EXTRACTED RECORDS
»»

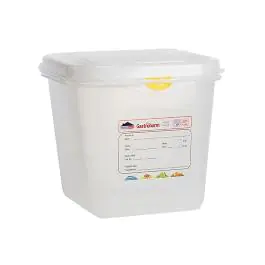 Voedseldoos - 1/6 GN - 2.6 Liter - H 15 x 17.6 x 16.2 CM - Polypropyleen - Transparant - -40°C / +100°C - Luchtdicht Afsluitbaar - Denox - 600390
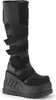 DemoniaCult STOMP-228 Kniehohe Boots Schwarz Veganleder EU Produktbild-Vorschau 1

««
»»

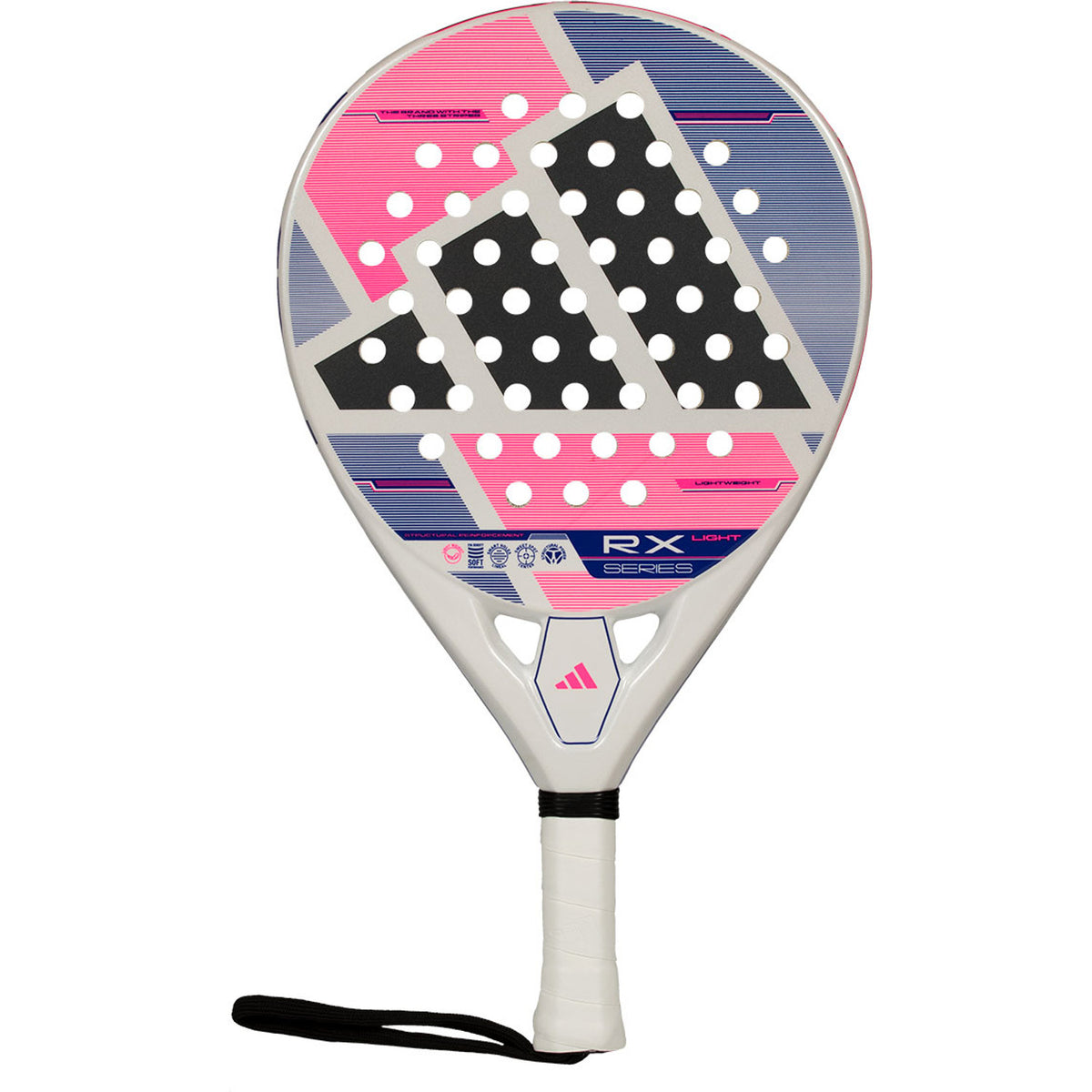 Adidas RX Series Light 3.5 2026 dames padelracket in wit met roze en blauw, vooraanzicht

««
»»

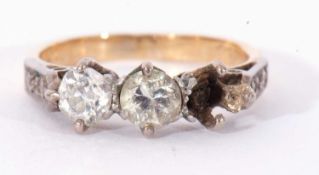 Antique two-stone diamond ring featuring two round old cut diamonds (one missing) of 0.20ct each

««

TASK ITEM
Of the lines above, quote exactly those from the one with "Voedseldoos - 1/6" through the one with "DemoniaCult STOMP-228 Kniehohe", ends included; pictures stay out.

ANSWER BOX
 Voedseldoos - 1/6 GN - 2.6 Liter - H 15 x 17.6 x 16.2 CM - Polypropyleen - Transparant - -40°C / +100°C - Luchtdicht Afsluitbaar - Denox - 600390
 DemoniaCult STOMP-228 Kniehohe Boots Schwarz Veganleder EU Produktbild-Vorschau 1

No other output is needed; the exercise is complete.